Deux ou trois heures de l’après-midi passèrent encore et quand la sonnette résonna, ce fut un petit coup discret, réservé, décelant une main de femme prudente. Mlle Saujon venait savoir des nouvelles.

C’était la directrice de l’école libre. Elle avait une voix étouffée, éternellement compatissante, qu’il fût question d’un ennui de ménage ou du cas le plus désespéré. Une femme sans âge, vêtue de noir, et dont on n’imaginait pas qu’elle eût jamais porté des couleurs plus gaies. Excellente, elle avait le défaut de ne rechercher que les choses tristes. La joie la mettait en méfiance. Elle s’en écartait avec une instinctive désapprobation. Il y avait sur toute sa personne comme un goût de cendre. Très douce et d’un entêtement invincible, elle confiait parfois à demi-mot, aux personnes dont elle était sûre, que le curé ne lui paraissait pas bien équilibré.

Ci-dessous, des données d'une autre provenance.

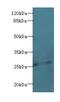 Ephrin A3 antibody, LS-C375633, Lifespan Biosciences, Western Blot image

Il y eut un colloque où dominait le patois de Mariette.

— Ce ne sera rien, il faut du calme, du repos, décida la voix compatissante.

La porte se referma. Mlle Saujon, avec son petit chapeau noir qui avait la forme d’une galette, glissa sur la place. Devant l’épicerie, elle fut arrêtée par une dame coiffée d’une capote, qui portait sous son manteau une boîte de vermicelle.

L’abbé Danizous venait de trouver une position de la tête qui le soulageait. Il essayait de lire son bréviaire. Mais le ciel de février était bas et gris. Il y avait sur sa couchette un faux jour qui le fatiguait : le livre tomba, ses yeux se fermèrent.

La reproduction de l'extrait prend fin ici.